*RECORDED DATA*:
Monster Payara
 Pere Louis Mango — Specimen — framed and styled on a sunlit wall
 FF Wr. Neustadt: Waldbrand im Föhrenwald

*EXERCISE AIM*:
Word for word, transcribe the entire listing shown above.

*RESULT*:
Monster Payara
 Pere Louis Mango — Specimen — framed and styled on a sunlit wall
 FF Wr. Neustadt: Waldbrand im Föhrenwald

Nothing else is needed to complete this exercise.